Elle voulait parler aux garçons. Ils devaient lui expliquer ce qu'il s'était passé en bas, dans les cachots, et elle devait leur exposer sa théorie. Enfin, ses théories.

Elle réussit finalement à parler à Harry, un soir, après qu'elle l'ai attendu devant la porte de la salle bain, pendant qu'il prenait sa douche. Et il était clair qu'Hermione n'avait pas du tout aimé la manière dont il l'avait évitée toutes ces longues journées.

- Hermione ! Tu m'as fait peur !

- Ah bon ? Moi, je te fais peur ?

- Et bien... Ecoute, je vais me coucher. A demain ?

Son air hésitant n'aidait en rien à calmer Hermione. Ils devaient parler, ce n'était plus possible. Il fallait avancer, progresser. Ils stagnaient, et les possibilités étaient réduites. Il fallait savoir ce qu'il se trouvait dans le coffre des Lestranges. C'était si facile à dire, mais tellement plus compliqué à planifier ! Tellement d'obstacles, et si peu de marge de manœuvre !

- Non, Harry. On doit parler. Le plus vite possible!

- Hermione... Je sais. Je suis désolé, je t'ai évité un peu, j'avoue.

- Je peux comprendre, tu sais ?

- Oui, oui, je sais. Mais, après ce qu'il s'est passé, j'ai pas envie de te brusquer.

- Me brusquer ? Sérieusement ? Par Merlin ! Je ne suis pas en sucre ! Ecoute, essaie de ne pas y penser. On a autre chose à faire.

- J'en suis conscient, mais j'arrive pas à l'oublier ! Je te promet d'essayer, ok ?

- Ça me va, pour l'instant. Et, j'ai quelque chose à te dire. J'ai trouvé des cheveux sur mes vêtements. Ils sont dans une fiole, dans mon sac. Ils sont à Bellatrix, bouclés et noirs. J'ai préféré les garder, ça peut toujours être utile.

- T'as bien fait. Très bonne idée. Comme toujours, non ?

- Exactement Harry. Comme d'habitude. Je suis Hermione Granger, après tout, non ?

Elle riait doucement. Il savait qu'elle était ironique. Ensemble, ils s'amusaient de la réputation qu'elle avait, « la sorcière la plus intelligente de son âge ». Quand ils étaient encore à Poudlard, pour la flatter, Harry et Ron disaient souvent qu'elle était la sorcière la plus intelligente qu'ils aient jamais rencontrée, peu importe l'âge.

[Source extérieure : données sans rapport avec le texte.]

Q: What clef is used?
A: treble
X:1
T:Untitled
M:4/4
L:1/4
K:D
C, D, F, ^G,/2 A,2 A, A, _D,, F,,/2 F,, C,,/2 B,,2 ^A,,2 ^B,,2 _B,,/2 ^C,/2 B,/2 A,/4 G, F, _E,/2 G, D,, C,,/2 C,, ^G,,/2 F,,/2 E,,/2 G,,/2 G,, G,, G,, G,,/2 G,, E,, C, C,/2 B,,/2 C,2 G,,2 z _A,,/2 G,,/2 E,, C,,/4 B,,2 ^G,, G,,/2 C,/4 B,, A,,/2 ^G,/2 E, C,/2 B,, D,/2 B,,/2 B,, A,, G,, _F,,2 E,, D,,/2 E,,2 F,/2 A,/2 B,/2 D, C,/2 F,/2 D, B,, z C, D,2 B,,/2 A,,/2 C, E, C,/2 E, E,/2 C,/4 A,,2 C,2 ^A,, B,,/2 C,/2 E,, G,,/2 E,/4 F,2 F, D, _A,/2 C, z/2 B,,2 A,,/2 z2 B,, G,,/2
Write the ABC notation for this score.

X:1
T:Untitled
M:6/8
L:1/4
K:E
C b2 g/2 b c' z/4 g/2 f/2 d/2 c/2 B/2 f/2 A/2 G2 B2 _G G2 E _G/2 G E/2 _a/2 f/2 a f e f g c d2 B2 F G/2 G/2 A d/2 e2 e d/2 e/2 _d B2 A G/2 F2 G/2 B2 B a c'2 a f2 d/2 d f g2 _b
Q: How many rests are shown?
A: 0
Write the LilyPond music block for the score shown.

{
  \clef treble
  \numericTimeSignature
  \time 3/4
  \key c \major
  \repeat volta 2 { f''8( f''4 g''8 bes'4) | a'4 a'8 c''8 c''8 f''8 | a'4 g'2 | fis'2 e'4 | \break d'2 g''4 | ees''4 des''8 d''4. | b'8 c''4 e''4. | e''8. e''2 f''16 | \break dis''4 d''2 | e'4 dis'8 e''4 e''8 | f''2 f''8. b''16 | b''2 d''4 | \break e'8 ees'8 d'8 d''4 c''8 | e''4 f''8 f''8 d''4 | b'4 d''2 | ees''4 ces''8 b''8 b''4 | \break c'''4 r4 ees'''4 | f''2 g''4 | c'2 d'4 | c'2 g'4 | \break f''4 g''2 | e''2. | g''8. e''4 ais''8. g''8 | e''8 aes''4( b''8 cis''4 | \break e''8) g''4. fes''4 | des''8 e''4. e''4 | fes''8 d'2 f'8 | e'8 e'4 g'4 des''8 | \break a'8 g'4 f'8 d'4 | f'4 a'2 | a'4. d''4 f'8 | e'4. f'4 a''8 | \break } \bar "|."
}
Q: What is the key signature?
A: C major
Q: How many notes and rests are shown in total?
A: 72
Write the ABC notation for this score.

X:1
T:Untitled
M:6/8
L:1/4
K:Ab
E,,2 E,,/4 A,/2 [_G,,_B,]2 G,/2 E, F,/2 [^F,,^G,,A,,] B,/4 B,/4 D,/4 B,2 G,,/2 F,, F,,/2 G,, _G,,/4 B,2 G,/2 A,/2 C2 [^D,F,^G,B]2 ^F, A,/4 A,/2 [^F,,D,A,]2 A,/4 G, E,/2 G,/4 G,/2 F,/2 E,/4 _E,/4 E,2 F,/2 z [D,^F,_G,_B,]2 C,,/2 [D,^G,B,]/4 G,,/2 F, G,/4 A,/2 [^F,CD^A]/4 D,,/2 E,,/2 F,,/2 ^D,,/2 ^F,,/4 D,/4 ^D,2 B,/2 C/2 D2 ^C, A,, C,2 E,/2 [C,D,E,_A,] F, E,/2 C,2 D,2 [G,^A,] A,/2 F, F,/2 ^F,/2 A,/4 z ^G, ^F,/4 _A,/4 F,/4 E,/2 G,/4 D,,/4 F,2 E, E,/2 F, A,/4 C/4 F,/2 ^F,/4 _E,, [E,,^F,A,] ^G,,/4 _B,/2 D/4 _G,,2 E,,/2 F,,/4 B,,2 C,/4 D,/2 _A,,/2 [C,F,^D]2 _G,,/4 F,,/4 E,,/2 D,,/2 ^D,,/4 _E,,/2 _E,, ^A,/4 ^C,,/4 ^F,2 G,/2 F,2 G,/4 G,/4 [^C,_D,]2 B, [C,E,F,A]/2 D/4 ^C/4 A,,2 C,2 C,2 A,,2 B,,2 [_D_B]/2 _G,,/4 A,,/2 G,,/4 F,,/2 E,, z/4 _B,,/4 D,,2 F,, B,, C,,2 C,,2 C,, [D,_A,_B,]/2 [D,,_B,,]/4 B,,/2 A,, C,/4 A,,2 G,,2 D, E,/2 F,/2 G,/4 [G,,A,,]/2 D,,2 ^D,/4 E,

Elle était consciente qu'ils en rajoutaient, pour lui faire plaisir, et souvent lorsqu'ils avaient besoin d'aide. C'était une période d'innocence, remplie de petits plaisirs de la vie. Les bon repas, l'odeur des draps propres, les soirées entre filles, les dimanches après-midi dans le parc, le goût douteux des cookies d'Hagrid, tous ces petits bonheurs resteraient des souvenirs incroyables.